Oct 3 A federal judge in Nevada said professional racecar driver Scott Tucker and several of his companies owe $1.27 billion to the Federal Trade Commission after systematically deceiving payday lending customers about the cost of their loans.
In a decision late on Friday, Chief Judge Gloria Navarro of the federal court in Las Vegas, Nevada said Tucker was "specifically aware" that customers often did not understand the terms of their loans, and was at least "recklessly indifferent" toward how those loans were marketed.
"Scott Tucker did not participate in an isolated, discrete incident of deceptive lending, but engaged in sustained and continuous conduct that perpetuated the deceptive lending since at least 2008," Navarro wrote.
The judge also barred Tucker from engaging in consumer lending.
Lawyers for Tucker did not immediately respond on Monday to requests for comment. Tucker had argued that there was no fraud or intent to deceive, and that his loans met industry standards.
The FTC on Monday asked Navarro to direct the turnover of some previously frozen assets to help satisfy the judgment.

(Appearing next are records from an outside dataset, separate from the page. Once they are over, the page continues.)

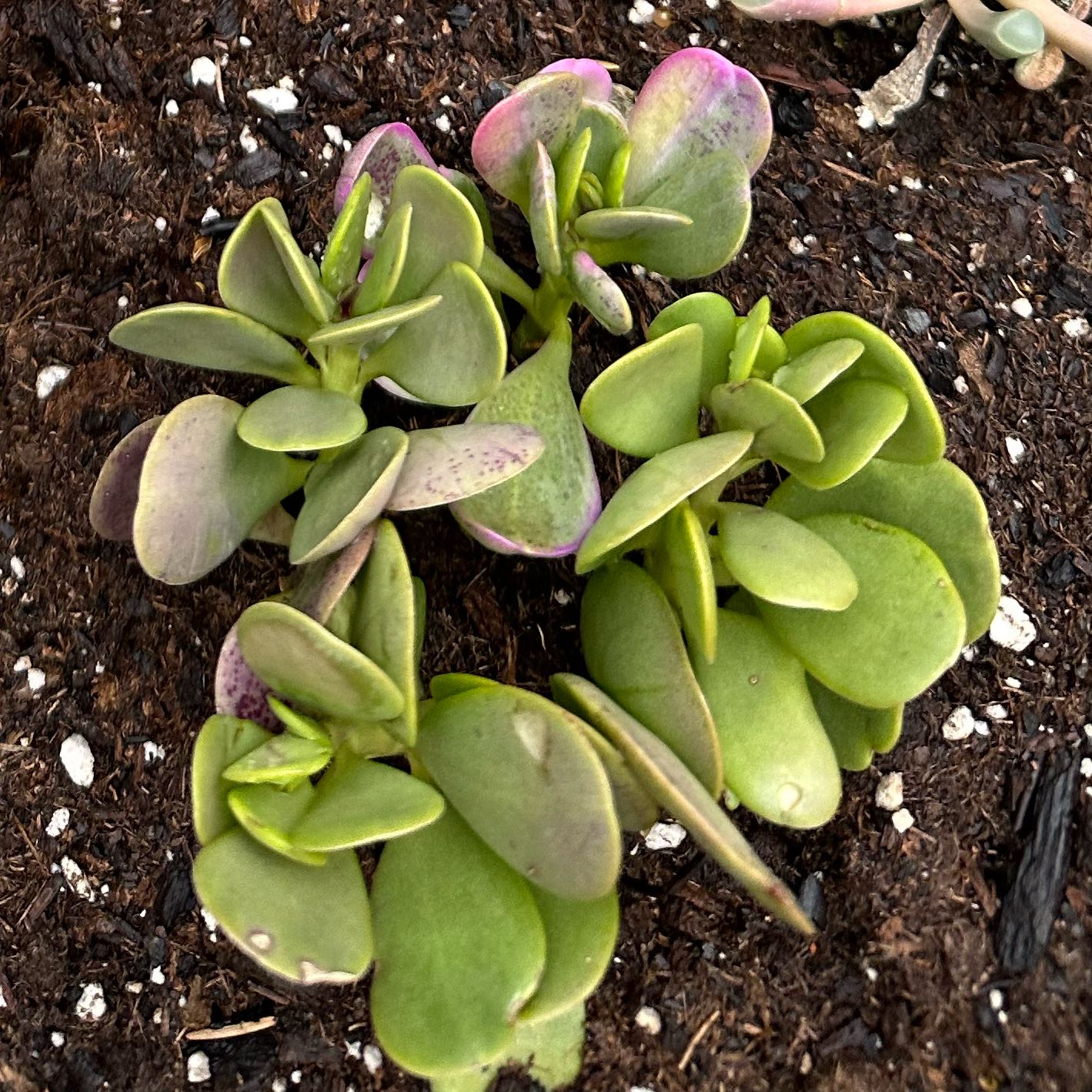 Photo of the plant species Variegated Trailing Jade by @TotalHollyhock named Robert Plant on Greg, the plant care app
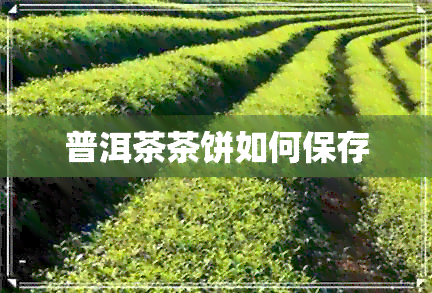 普洱茶茶饼如何保存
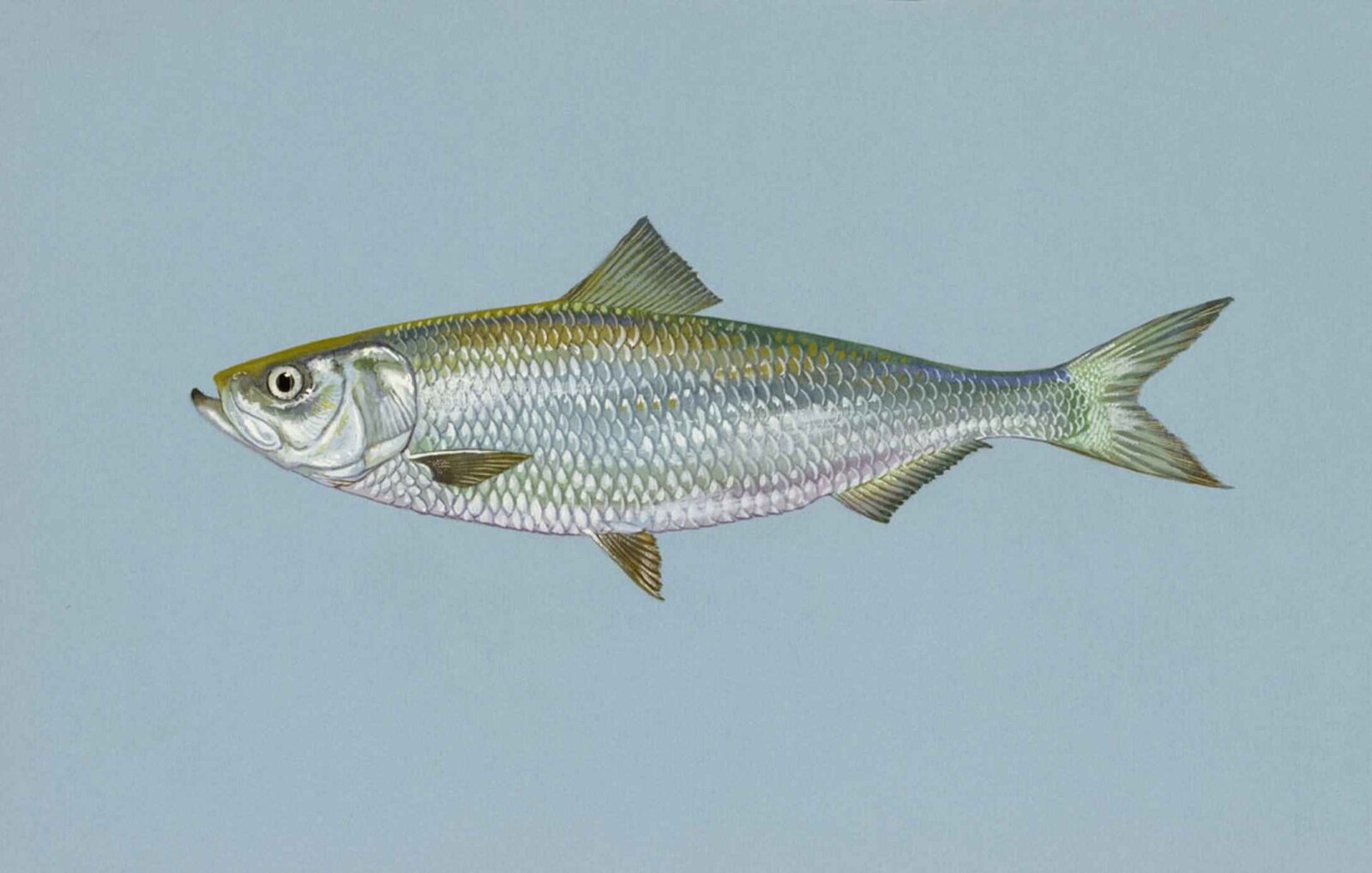 Skipjack shad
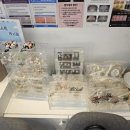 티아라속눈썹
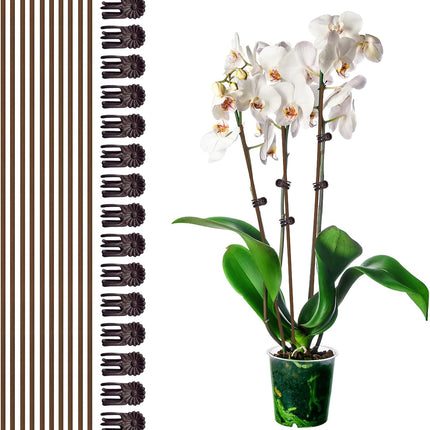 10Pcs Plant Support Stakes with 15Pcs Plant Clips, 15.75inch Tall Bendable Single Stem Sticks Orchid Clips Brown Helps Growth for Indoor Outdoor Flowers Rose Amaryllis.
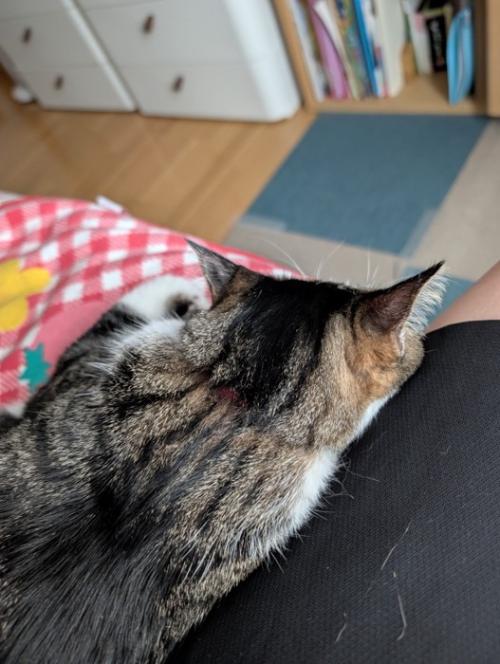 猫の後頭部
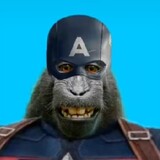 Gorilla-America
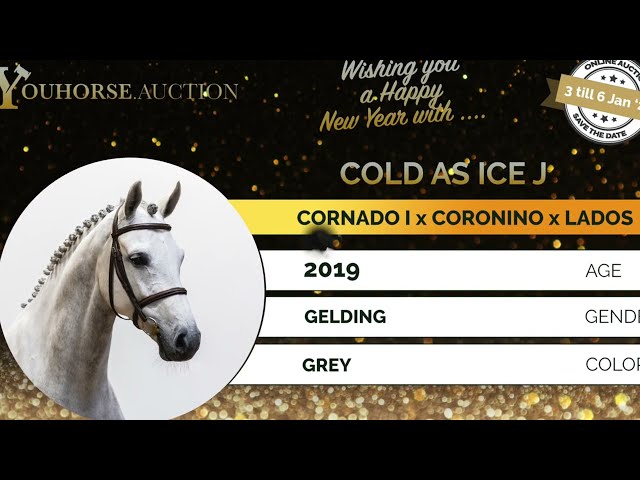 Cold as Ice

Tucker, who races in the United States and Europe, faces separate criminal charges in Manhattan, where prosecutors accused him of running a $2 billion payday lending scheme that exploited 4.5 million consumers.
A trial in that case is scheduled for next April 17. Tucker pleaded not guilty in February.
Payday lending involves the issuance of short-term loans, often with high effective annual interest rates, to tide over borrowers until they receive their next paychecks.
Eighteen U.S. states and Washington, D.C. prohibit payday lending, or impose rate caps that effectively outlaw the practice, according to the Consumer Federation of America.
In its 2012 civil complaint, the FTC alleged that Tucker's businesses, such as National Money Service, caused many customers to pay more than triple the amounts they had borrowed.
The $1.27 billion judgment also covers AMG Capital Management LLC, Level 5 Motorsports LLC and two other Tucker companies.
It reflects the $1.32 billion sought by the FTC, minus about $52 million collected from or owed by other defendants.
"Where, as here, consumers suffer economic injury resulting from a defendant's violations of the FTC Act, equity requires monetary relief in the full amount lost by consumers," Navarro wrote.